-- GIVEN MATERIAL follows --

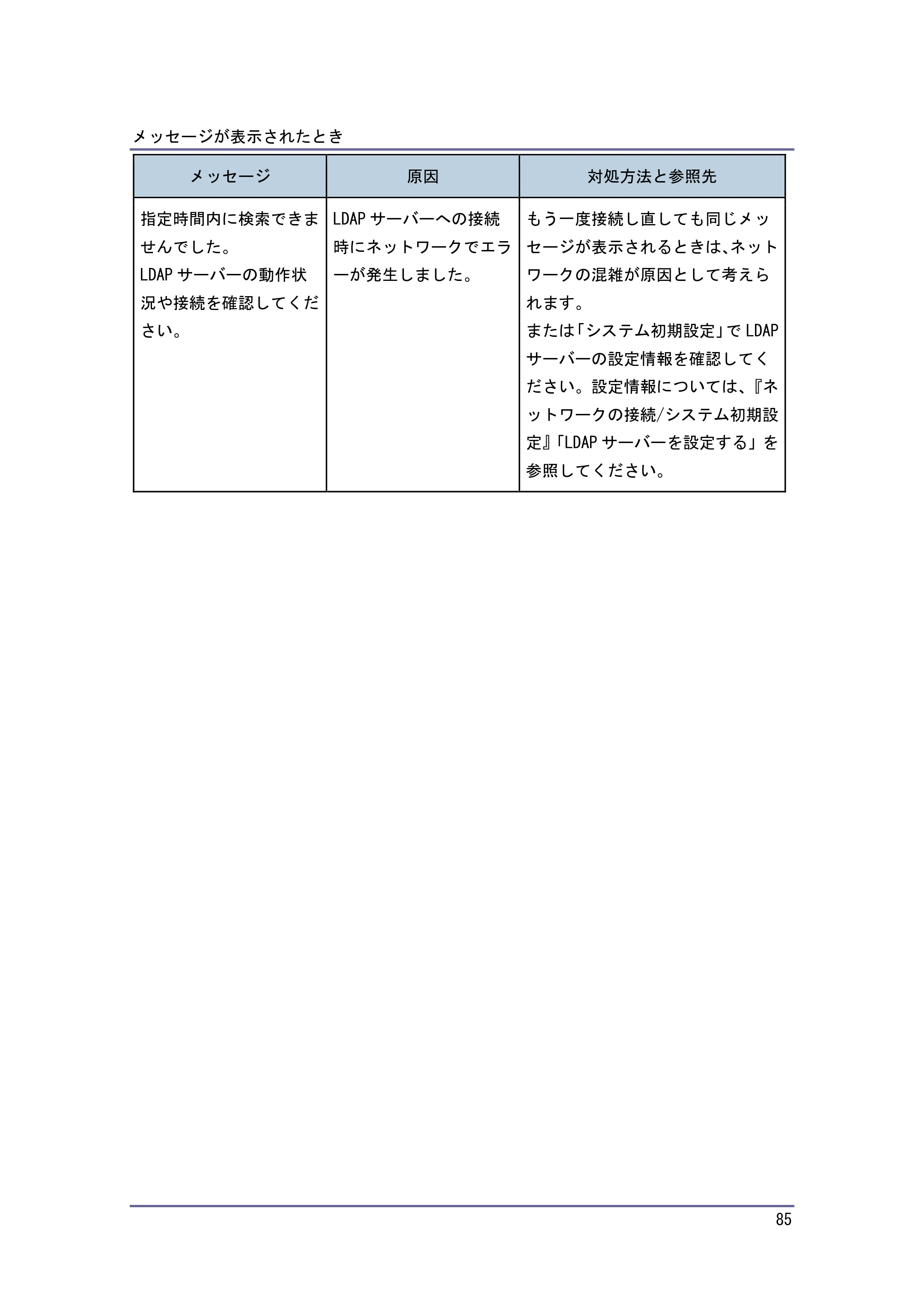 京セラ TASKalfa 4010w / TASKalfa 4011w / TASKalfa 4012w TASKalfa 4010w/4011w/4012w 使用説明書 (こまったときは) — 原本ページ — 85ページ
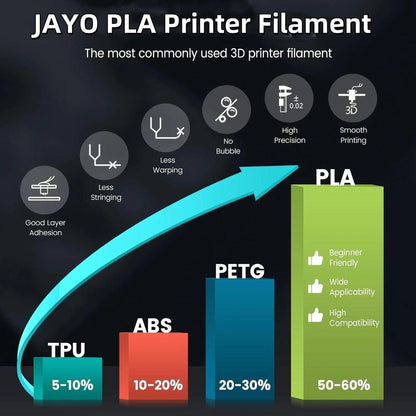3D Printer Filament 10-Roll Mixed PLA & PETG Pack by HitMyNeed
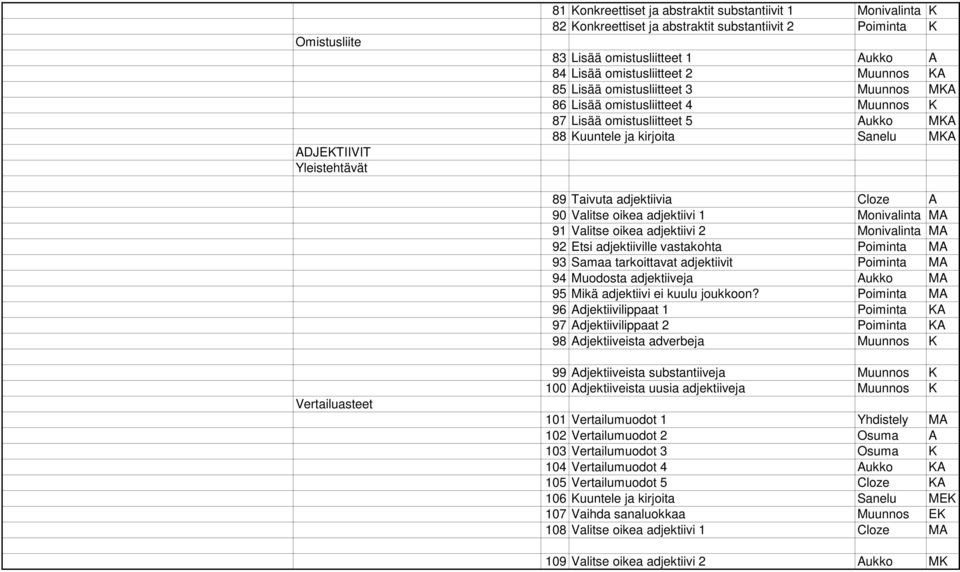 adjektiivia Cloze A 90 Valitse oikea adjektiivi 1 Monivalinta MA 91 Valitse oikea adjektiivi 2 Monivalinta MA 92 Etsi adjektiiville vastakohta Poiminta MA 93 Samaa tarkoittavat adjektiivit Poiminta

-- GIVEN MATERIAL concluded --

▸ **WORK INSTRUCTIONS**:
The answer is to be the lines from the line that contains "3D Printer Filament" through the last line of the material, retyped exactly, both included, with pictures left out, please.

▸ **WRITTEN RESPONSE**:
3D Printer Filament 10-Roll Mixed PLA & PETG Pack by HitMyNeed
 adjektiivia Cloze A 90 Valitse oikea adjektiivi 1 Monivalinta MA 91 Valitse oikea adjektiivi 2 Monivalinta MA 92 Etsi adjektiiville vastakohta Poiminta MA 93 Samaa tarkoittavat adjektiivit Poiminta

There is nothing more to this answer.